Parallelism

TileDB is fully parallelized internally, i.e., it uses multiple threads to process in parallel the most heavyweight tasks.

We explain how TileDB parallelizes the read and write queries, outlining the configuration parameters that you can use to control the amount of parallelization. Note that here we cover only the most important areas, as TileDB parallelizes numerous other internal tasks. See Configuration Parameters and Configuration for a summary of the parameters and the way to set them respectively.

Reading

A read query mainly involves the following steps in this order:

  1. Identifying the physical attribute data tiles that are relevant to the query (pruning the rest)

  2. Performing parallel IO to retrieve those tiles from the storage backend.

  3. Unfiltering the data tiles in parallel to get the raw cell values and coordinates.

  4. Performing a refining step to get the actual results and organize them in the query layout.
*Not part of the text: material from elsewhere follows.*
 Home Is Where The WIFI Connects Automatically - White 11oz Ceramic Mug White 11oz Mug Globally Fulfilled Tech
TileDB parallelizes all steps, but here we discuss mainly steps (2) and (3) that are the most heavyweight.

Parallel IO

TileDB reads the relevant tiles from all attributes to be read in parallel as follows:

parallel_for_each attribute being read:
parallel_for_each relevant tile of the attribute read:
prepare a byte range to be read (IO task)

TileDB computes the byte ranges required to be fetched from each attribute file. Those byte ranges might be disconnected and could be numerous especially in the case of multi-range subarrays. In order to reduce the latency of the IO requests (especially on S3), TileDB attempts to merge byte ranges that are close to each other and dispatch fewer larger IO requests instead of numerous smaller ones. More specifically, TileDB merges two byte ranges if their gap size is not bigger than vfs.min_batch_gap and their resulting size is not bigger than vfs.min_batch_size. Then, each byte range (always corresponding to the same attribute file) becomes an IO task. These IO tasks are dispatched for concurrent execution, where the maximum level of concurrency is controlled by the sm.io_concurrency_level parameter.
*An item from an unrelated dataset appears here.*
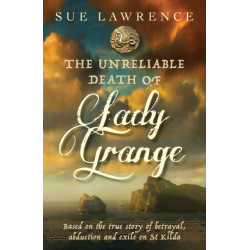 The Unreliable Death of Lady Grange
TileDB may further partition each byte range to be fetched based on parameters vfs.file.max_parallel_ops (for posix and Windows), vfs.s3.max_parallel_ops(for S3) and vfs.min_parallel_size. Those partitions are then read in parallel. Currently, the maximum parallel operations for HDFS is set to 1, i.e., this task parallelization step does not apply to HDFS.

Parallel Tile Unfiltering

Once the relevant data tiles are in main memory, TileDB "unfilters" them (i.e., runs the filters applied during writes in reverse) in parallel in a nested manner as follows:

for_each attribute being read:
parallel_for_each tile of the attribute read:
parallel_for_each chunk of the tile:
unfilter chunk

The “chunks” of a tile are controlled by a TileDB filter list parameter that defaults to 64KB.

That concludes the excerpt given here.